Обо мне не беспокойся. Я живу отлично.

Уходят, спешу кончать. Прости за пустое письмо, трудно писать, когда через минуту надо кончать. Помню тебя все время и все сделаю, что можно будет. Сейчас чувствую почву под ногами в экономическом отношении, спокойствие и уверенность, что пора тебе переменить жизнь. Целую тебя. Г. с тобой. Не забывай меня… Твой Л.»

И все же — я и сейчас не перестаю удивляться Олегу, потому что после этого наступает не гибель, а возрождение, и хочется следить теперь не за историей его любви, а за его личным в этой любви ростом.

От письма к письму видно, как растет и крепнет духовное существо Олега: это уже не тот мальчик, который «строил на страх всему миру обитель». Это о. Онисим, усвоивший себя в таинстве Христу и быстро идущий к завершению жизни. Как преодолевает он свое личное страдание, восходя на новую ступень обладания скорбью, самообладания, он хочет теперь разделить все переживания своей сестры. Он отказывается от расчета на помощь мецената, ищет самостоятельный заработок, «он чувствует, наконец, в экономическом отношении почву под ногами».

Скорбь владеет им и ночью и днем, но теперь он не подчиняется ей: он в высшей степени, как никогда, деятелен во внешней жизни. Он пишет, учится, хозяйничает на участке.

Колебания — вместе ли строить жизнь или в полном одиночестве, для него окончились: «Устроиться без тебя было искушение в минуту слабости. Это — буддийская логика. Я буду возле тебя во всех твоих ошибках, на всех кривизнах твоих путей. Я хотел бы терпеть все с тобой до конца».

Он отвергает всякую попытку взаимно разжалобить друг друга: «Не смей страдать из жалости ко мне. Это в тебе та самая стихия, которую я ненавижу так же сильно, как люблю тебя. Для меня имеет цену только твое свободное убеждение».

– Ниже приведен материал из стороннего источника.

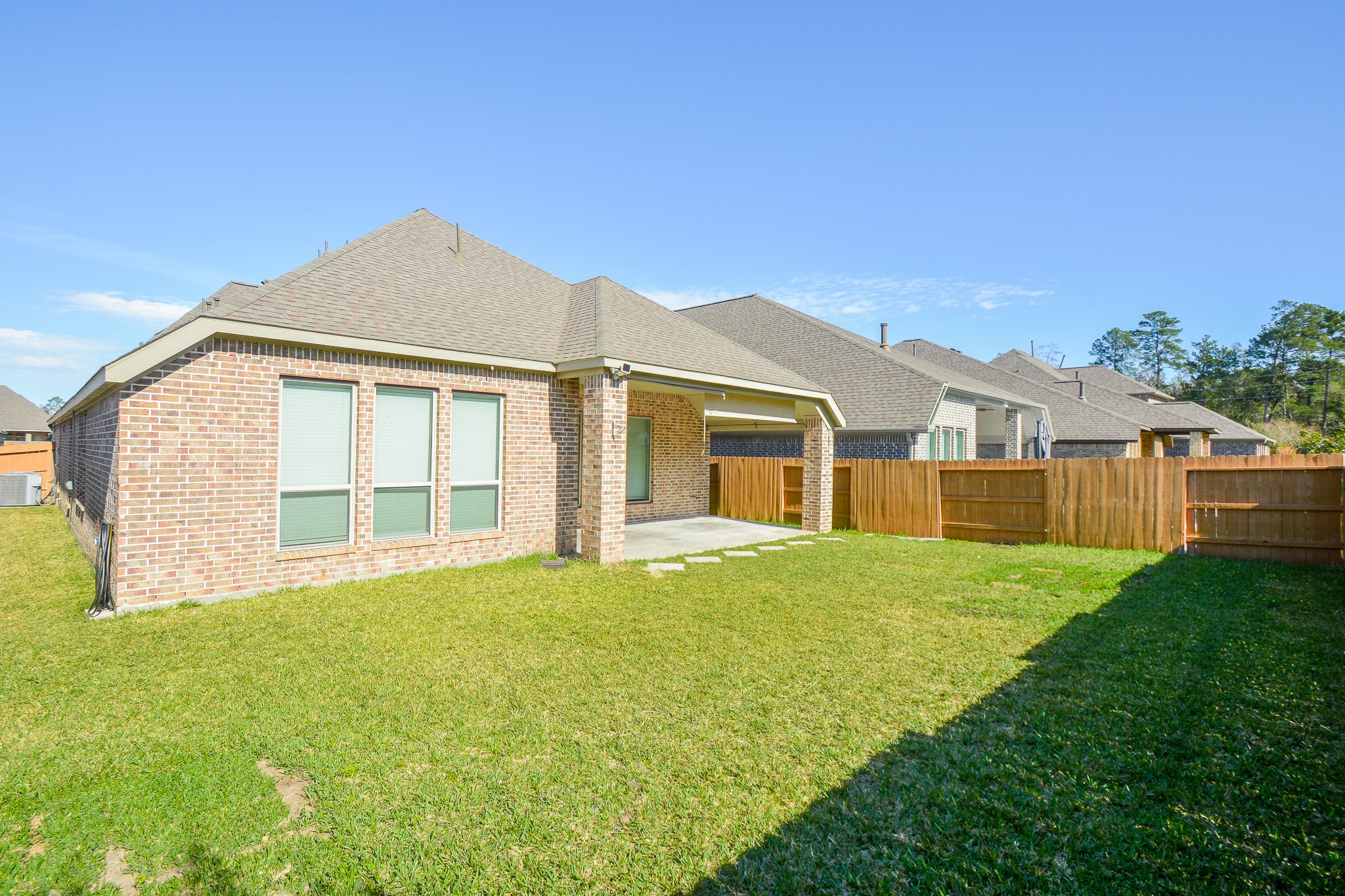 28127 Knight Peak Drive Spring, TX 77386 - Photo 40 of 42 a front view of a house with a garden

Но самое важное, что он утвердился теперь в ясном сознании: его любовь — не «прелесть», потому что он любит «сестрицу свою после Господа» и исповедует это. Правда, он «слишком» любит ее, но это «слишком» — не слабость, потому что «любовь можно выровнять, только прибавляя там, где мало, а не убавляя, где непропорционально много».

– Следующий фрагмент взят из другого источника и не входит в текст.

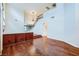 Bright living room with high ceilings, hardwood floors, and open staircase with a chandelier at 3412 Crystal Tower St, Las Vegas, NV 89129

Теперь он видит соотношение сил человеческих и сил промыслительных: «Если б я был святым, я стал бы изгонять из тебя бесов, или от тебя, от сердечка твоего дорогого… Но что могу сделать я, я бессилен тут, лишь Бог может изгнать». Олег проходит подлинную школу смирения, как бы устраняясь и предоставляя действовать силе Божьей — он смиряется в своей человеческой ограниченности и получает тут же, как дар, силу веры и терпения: «Я слишком мало в своем отчаянии явил веры Господу. И если приступы его прошли, то именно благодаря вере». Признание и своей, и моей слабости вооружает его непоколебимой верой в силу Божью: «Не попустит Господь этого. Он слишком любит и жалеет тебя, и путями, Ему ведомыми, вернет тебя».

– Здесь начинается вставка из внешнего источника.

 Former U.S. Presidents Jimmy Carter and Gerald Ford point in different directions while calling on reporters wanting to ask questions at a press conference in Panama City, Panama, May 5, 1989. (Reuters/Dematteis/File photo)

Теперь, наконец, приходит к нему понимание, почему все случилось; он винит теперь не одну любимую им девушку, он понимает, что, если бы сначала ответил на ее призыв без страха и опасений, тогда, может быть, «нынешних страданий и не было бы…». И добавляет: «Но что говорить о минувшем, о настоящем станем думать». Он теперь не идеализирует свою Лялю, он приходит к прекрасной трезвости, свидетельствующей о духовной зрелости его души. Он понимает, что переоценивал мои силы, не смея думать обо мне, как о слабом существе, «нуждавшемся в ограждении, которое действительно было нужно». Теперь он жалеет не об абстракции, не о том, что «образ не удался», а о Ляле, живой и любимой: «Радость моя, ребенок мой единственный и вместе нож, который мне в сердце вонзили — ты, своей рукой — и не вынули».

Последние письма Олега — это бесконечное снисхождение и терпение, и, что дивно, непоколебимая, несмотря ни на что, вера в раз и навсегда увиденный им внутренний образ любимого существа. «У нас ведь было, как в романах бывает, что „он“ сразу увидел, что это „ты“ — для него. А у нас я сразу увидел, что „ты“ — для Христа. Девство — твоя сила и твое искусство… Это единственное, что ты можешь сказать людям», — пишет он мне. Он понимает девство как «высшую чистейшую собраннейшую, напряженнейшую действенность человека». Это — божественное свойство: «Первая Дева — св. Троица», — повторяет он слова св. Григория Богослова.